# What the.....



## cslikens (Jan 3, 2012)

ok, I have the Canon PowerShotSX110IS.  Got it last year.  It started acting all wobbly on me.  So get this.  When I hit the on/off button to take pics, no power.  So, of course, I check batteries, etc....nothing.  So I start tinker'n w/ this thing.....and when I hit the playback/review pics....THEN the thing come on, it's like the playback button is the POWER button now right?  But the lens doesn't open though.  I go to snap a pic, and nothing happens....the only thing that it allows me to do is review the pics that are currently on the card, get into my menu, go thru those options and stuff....but I can't take a pic.  Nutso right?  Can someone HELP?  I love this camera, takes great photos but its got a mind of it's own now......and the mind it has, won't allow me to snap pics.....I tried resetting the defaults, but still the same results.


----------



## EIngerson (Jan 3, 2012)

Just an odd question, but by chance is your memory card full?


----------



## cslikens (Jan 3, 2012)

lol! negative...what else ya got fer me!?  Even when I take a/the MC out, it's still same -


----------



## bazooka (Jan 3, 2012)

Did anything happen when it began behaving this way?  Was it dropped, stored in cold/hot/humid conditions?  Anything unusual at all?  Have you tried new batteries?

Does the LCD come on when you are in picture taking mode?  Does it record any new photos on the card even though it appears to not be taking any?


----------



## cslikens (Jan 3, 2012)

nope - none of the above.  Was snapping pics on xmas, shut it off when I was done, went to snap more the next day and that's what I got.  I would never expose my camera to any of those conditions.  Yes, I've tried new batteries - same thing.  Yes, the LCD comes on when I power it on (using the "review" pics button - not the on/off button).  No, it does not record any new pics....does nothing.  The only thing I can do is power it on, by said way, and review pics that are/were currently on the card.  Nuts right?


----------



## bazooka (Jan 3, 2012)

Does it have a reset to factory settings option in the menu that you can access?  Other than that, I have no other ideas.


----------



## cslikens (Jan 3, 2012)

Ya, it does....and I did....and still the same.  Thanks for your help, hopefully someone will come thru w/ some help on here.


----------



## HowlingWolf (Jan 5, 2012)

Do you still have warranty on it?

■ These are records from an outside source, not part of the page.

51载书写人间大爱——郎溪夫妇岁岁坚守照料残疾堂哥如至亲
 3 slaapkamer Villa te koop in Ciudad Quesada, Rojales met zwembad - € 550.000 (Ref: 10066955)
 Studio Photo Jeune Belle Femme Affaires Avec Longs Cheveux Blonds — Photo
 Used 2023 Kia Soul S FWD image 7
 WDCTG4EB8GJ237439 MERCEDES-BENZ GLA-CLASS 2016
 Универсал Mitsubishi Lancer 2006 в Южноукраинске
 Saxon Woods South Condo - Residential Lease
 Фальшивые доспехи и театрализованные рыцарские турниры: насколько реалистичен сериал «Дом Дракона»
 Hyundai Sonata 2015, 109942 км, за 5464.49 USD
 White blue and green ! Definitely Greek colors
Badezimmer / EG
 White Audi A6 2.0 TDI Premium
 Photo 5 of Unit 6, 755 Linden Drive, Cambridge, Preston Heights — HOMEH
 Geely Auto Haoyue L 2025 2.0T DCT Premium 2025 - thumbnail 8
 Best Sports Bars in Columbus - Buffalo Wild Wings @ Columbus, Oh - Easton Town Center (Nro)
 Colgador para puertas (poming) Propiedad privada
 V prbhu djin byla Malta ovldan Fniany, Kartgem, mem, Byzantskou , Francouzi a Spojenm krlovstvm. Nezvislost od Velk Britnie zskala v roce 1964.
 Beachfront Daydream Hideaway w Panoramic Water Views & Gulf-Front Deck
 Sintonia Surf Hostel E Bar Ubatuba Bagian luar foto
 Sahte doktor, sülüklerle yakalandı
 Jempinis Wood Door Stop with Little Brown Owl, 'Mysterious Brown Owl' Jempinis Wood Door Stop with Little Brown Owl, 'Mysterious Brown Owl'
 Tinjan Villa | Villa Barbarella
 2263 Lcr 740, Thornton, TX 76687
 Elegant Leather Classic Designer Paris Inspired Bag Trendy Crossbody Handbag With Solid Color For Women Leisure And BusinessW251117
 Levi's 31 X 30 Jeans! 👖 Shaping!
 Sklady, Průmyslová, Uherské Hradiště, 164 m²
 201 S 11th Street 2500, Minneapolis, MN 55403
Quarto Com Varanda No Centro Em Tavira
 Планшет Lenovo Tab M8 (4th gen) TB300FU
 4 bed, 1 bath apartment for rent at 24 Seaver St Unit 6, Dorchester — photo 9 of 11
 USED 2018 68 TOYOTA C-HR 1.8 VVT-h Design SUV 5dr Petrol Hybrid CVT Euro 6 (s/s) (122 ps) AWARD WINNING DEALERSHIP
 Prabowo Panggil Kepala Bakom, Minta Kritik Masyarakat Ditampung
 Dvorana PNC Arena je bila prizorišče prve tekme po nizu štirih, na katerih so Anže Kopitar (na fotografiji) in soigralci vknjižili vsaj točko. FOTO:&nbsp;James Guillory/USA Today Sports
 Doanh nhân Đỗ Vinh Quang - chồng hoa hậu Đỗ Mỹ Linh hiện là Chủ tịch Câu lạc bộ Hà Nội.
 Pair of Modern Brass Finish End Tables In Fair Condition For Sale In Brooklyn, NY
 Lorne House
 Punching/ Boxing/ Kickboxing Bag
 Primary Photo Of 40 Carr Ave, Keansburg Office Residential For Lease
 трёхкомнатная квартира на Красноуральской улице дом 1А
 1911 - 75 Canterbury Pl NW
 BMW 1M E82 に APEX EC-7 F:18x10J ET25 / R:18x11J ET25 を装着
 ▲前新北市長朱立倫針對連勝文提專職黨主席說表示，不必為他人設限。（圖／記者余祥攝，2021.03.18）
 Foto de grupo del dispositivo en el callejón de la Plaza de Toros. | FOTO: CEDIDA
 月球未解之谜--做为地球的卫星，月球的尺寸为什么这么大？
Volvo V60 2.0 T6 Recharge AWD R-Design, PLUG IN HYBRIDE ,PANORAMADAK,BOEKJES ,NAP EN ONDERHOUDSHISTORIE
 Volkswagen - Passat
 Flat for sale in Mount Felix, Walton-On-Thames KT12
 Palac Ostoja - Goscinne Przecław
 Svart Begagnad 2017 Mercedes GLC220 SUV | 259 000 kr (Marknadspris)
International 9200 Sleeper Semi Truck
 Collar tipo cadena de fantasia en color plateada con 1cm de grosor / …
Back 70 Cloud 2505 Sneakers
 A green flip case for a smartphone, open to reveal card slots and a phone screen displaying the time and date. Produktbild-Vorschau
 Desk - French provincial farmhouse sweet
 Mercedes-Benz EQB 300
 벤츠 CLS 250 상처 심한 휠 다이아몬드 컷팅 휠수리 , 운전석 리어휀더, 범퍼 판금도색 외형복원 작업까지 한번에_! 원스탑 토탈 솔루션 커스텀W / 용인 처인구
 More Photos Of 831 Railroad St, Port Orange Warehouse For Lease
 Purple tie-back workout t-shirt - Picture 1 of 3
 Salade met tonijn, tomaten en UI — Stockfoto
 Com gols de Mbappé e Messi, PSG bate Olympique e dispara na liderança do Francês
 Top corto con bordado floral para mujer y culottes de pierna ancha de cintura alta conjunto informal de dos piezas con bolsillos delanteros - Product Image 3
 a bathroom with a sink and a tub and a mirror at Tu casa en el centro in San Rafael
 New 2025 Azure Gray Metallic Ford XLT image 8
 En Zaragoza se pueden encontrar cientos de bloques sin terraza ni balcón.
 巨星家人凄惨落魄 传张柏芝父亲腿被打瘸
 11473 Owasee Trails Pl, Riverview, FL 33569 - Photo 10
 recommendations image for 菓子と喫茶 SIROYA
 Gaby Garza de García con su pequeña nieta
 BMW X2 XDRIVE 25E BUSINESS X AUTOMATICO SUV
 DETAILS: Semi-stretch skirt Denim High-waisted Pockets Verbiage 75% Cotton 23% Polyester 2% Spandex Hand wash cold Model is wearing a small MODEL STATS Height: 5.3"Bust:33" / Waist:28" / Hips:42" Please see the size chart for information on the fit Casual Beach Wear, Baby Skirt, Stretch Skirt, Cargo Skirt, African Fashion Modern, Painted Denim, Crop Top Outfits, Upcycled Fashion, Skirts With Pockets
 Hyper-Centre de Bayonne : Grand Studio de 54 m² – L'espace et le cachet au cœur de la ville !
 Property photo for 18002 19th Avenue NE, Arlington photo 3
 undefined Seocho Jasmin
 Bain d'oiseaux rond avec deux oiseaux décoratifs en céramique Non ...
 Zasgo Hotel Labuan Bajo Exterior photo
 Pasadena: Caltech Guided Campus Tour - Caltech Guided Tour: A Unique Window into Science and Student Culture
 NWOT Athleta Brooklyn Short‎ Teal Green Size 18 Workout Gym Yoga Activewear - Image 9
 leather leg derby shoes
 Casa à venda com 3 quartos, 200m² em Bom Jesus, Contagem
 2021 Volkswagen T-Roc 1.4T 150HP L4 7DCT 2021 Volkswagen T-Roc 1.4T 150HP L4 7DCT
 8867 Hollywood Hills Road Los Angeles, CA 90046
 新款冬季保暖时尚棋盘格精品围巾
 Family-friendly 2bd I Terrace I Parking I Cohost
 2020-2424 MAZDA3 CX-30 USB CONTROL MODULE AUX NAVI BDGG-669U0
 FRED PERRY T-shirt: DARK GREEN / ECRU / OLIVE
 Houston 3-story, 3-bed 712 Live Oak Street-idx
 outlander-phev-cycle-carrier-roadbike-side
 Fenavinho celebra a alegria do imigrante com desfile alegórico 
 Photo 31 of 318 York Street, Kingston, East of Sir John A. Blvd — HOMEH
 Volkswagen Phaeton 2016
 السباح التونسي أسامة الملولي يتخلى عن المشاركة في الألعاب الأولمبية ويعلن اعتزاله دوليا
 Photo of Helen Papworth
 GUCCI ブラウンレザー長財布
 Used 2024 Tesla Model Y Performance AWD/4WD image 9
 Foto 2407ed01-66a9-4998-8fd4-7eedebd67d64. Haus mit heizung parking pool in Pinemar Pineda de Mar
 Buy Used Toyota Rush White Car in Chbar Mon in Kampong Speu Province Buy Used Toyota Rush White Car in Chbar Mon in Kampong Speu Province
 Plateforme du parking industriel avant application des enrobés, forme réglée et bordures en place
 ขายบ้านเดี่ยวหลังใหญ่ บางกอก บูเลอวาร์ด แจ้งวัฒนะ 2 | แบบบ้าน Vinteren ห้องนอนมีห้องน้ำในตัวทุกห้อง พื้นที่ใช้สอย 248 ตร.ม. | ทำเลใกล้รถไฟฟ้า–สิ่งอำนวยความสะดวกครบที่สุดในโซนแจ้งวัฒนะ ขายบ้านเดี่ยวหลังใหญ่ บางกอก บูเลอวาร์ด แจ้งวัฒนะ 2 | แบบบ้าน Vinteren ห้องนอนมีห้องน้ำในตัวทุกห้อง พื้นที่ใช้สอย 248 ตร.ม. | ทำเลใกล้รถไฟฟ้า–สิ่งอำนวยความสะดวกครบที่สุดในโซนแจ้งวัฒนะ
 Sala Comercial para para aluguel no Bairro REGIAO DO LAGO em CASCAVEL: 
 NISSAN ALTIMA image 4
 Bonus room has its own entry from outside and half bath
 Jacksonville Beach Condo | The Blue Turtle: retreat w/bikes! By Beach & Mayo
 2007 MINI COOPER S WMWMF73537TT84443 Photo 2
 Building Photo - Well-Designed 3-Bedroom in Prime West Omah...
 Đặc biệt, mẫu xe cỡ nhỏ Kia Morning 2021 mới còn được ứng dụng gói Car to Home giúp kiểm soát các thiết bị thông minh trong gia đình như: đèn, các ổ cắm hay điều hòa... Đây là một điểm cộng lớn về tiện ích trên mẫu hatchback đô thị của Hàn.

I have had some weird problems with my old camera as well, but it was fairly old and I wasn't serious about photography at the time so it went through A LOT including car accidents and whatever drunken mishaps plagued that time of my life.


----------



## cslikens (Jan 11, 2012)

I doubt the warranty is still good.  I didn't bother looking into that b/c there is a "ding" on the lens cap(ish) thing....that happened when I first got, but it didn't hinder the camera functioning at all.  I assume they would tell me that's why it's not working......you know how that junk goes.....and yes, I can relate to the drunken mishaps w/ my camera(a)......been through too many of them....lol!


----------



## craigm84 (Jan 18, 2012)

I had this happen to a Casio Exilim and witnessed this happen to someones Fuji P&S. For my camera, it turned on while it was in my back pocket and I just so happened to be sitting. For the other camera is turned on in a purse and didn't have room to open. My camera never recovered. But for her camera we just turned it on a bunch of times, took the battery out, and gently twisted where the lens will pop out with fingertips., try that too. but don't force too much, you don't want to kill the lens. might have a piece of sand or dirt stuck in the mechanism. Don't risk breaking it, if you don't feel comfortable twisting it around, DONT TRY IT.


----------